Carter whipped a sharp-angled shot from the boards by Khudobin to spark Canada’s outburst and send the Russian goaltender to the bench.
Canadian goaltender Jeff Glass didn’t face a lot of shots again behind a formidable defence, but he did make a glove same from close range on Enver Lisin after Carter’s goal.
Canada had a five-minute man advantage late in the second period after Toronto Maple Leafs draft pick Dimitri Vorobiev put his stick in Dawes’ face and was given a major and a game misconduct.
Emelin pulled Russia within a goal before the first period expired. His shot through traffic with 32 seconds remaining gave Russia a power-play goal.
Canada had taken a 2-0 lead on Syvret’s power-play goal at eight minutes. Braydon Coburn’s shot on net hit the end boards and Syvret collected it and banked it off Anton Khudobin.
Getzlaf scored 51 seconds into the game when he took a Carter drop pass and blasted it by Khudobin.
Canada killed off a 1:12 worth of a two-man Russian advantage early in the first period after Perry took an interference minor and Shea Weber hauled down Evgeni Malkin for a tripping penalty.
This Canadian junior team was the country’s best in a long time and arguably the best ever. The NHL lockout combined with spike in talent in Canadian players born in 1985 made the 2005 team a formidable one. Players who might not have otherwise been available to the Canadian team from their NHL clubs were still playing in the junior ranks.
The closest team in depth and talent to this one may have been the team in 1995 – the last time there was an NHL labour disruption – and Canada dominated that tournament in Red Deer, Alta.
Canada outscored the opposition 32-5 during the round-robin portion of this tournament to finish first in Pool B. A 3-1 semifinal win over the Czech Republic, in which Glass faced only 11 shots and fewer quality scoring chances, sent Canada to the final of this tournament for the fourth straight year.
While the team’s road to the final looked easy on paper, it wasn’t without adversity as defence Cam Barker was sent home after three games with mononucleosis, forward Jeremy Colliton was able to play just over one period with a knee injury and defenceman Brent Seabrook played through a shoulder injury he suffered on the first day of selection camp.
Sutter, a Stanley Cup winner during his 18-year NHL career and a former international player for Canada, guided the team with a firm, but intelligent hand.
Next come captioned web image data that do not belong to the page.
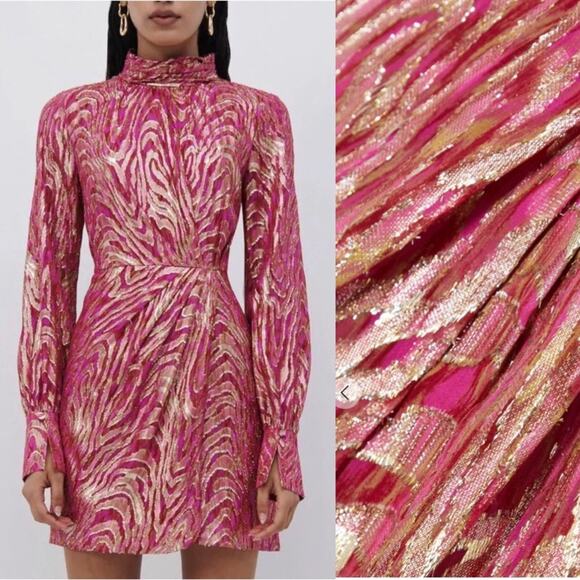 NWT Jonathan Simkhai Halen Ruched Metallic fil coupé silk-blend moire Dress - Picture 3 of 12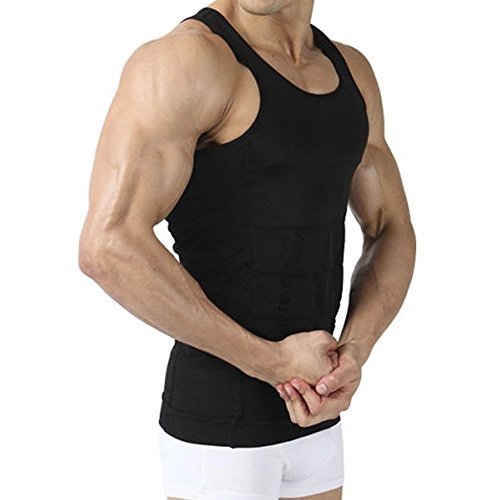 Image Körperformendes T-Shirt Abnehmen Unterhemd Kompression Tank Top BodyShaper Kompressionsunterhemd elastisch ärmellos bauchweg für Herren Männer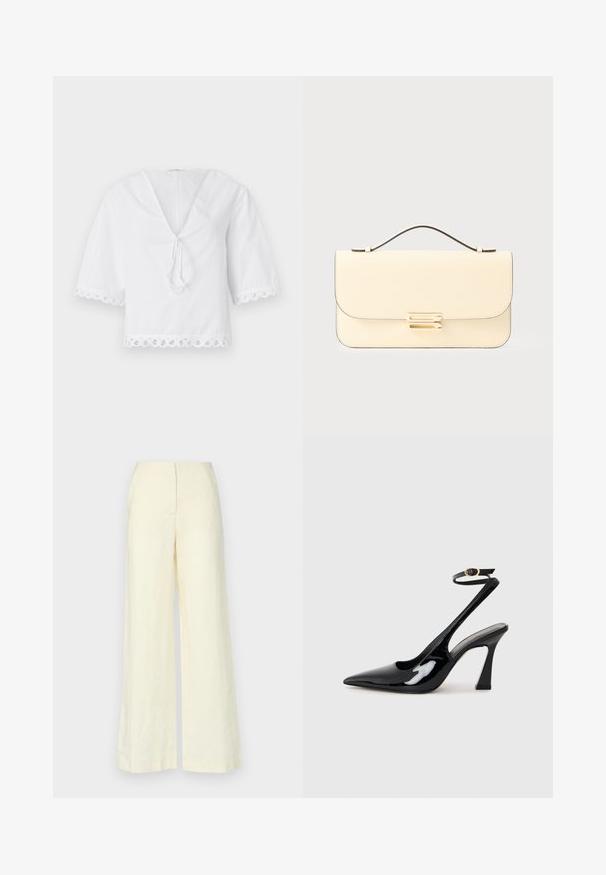 Valge puuvillane pluus V-kaelusega, ees sideelement ja lainelise pitsäärisega varrukad ning helks. Lühikesed puhvvarrukad.; Faithfull the brand LULEA PANT - Püksid - white; Mustad läikivad patendiga slingback-kõrged kontsad, millel on terav põlv ja reguleeritav pahkluu rihm, ning mõõdukas plokknukk. Sile tekstuur läikiva viimistlusega.; Kreemivärvi nahast käekotil on ülemine käepide ja kuldsetooniline ristkülikukujuline klamber, mis on paigutatud ühelevärvilisele heledale taustale.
This was Canada’s oldest team at the world juniors and with a record number of returning players from last year’s tournament in Helsinki, they knew the drill and what was at stake.
A dozen players on this squad played for Canada last year and suffered the disappointment of wasting a two-goal lead in the third period. The U.S. scored three times in the period to win 4-3.
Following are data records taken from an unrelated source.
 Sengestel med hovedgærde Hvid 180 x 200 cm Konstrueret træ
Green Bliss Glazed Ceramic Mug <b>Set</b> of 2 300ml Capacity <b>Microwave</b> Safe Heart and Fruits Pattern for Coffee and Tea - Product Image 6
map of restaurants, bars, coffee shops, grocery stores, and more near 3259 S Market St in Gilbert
Attendance at the 2005 tournament was 195,771, which fell short of the record set by Halifax in 2003 at 242,173. The hundreds of Canadians who made the trek to Grand Forks, two hours south of the Manitoba border, swelled the number of spectators in the stands.
Tuesday’s gold-medal game was as close to a home game for the Canadian team as it could be without actually being in the country.
The 2006 world junior hockey championship will be held in Vancouver, Kamloops and Kelowna, B.C.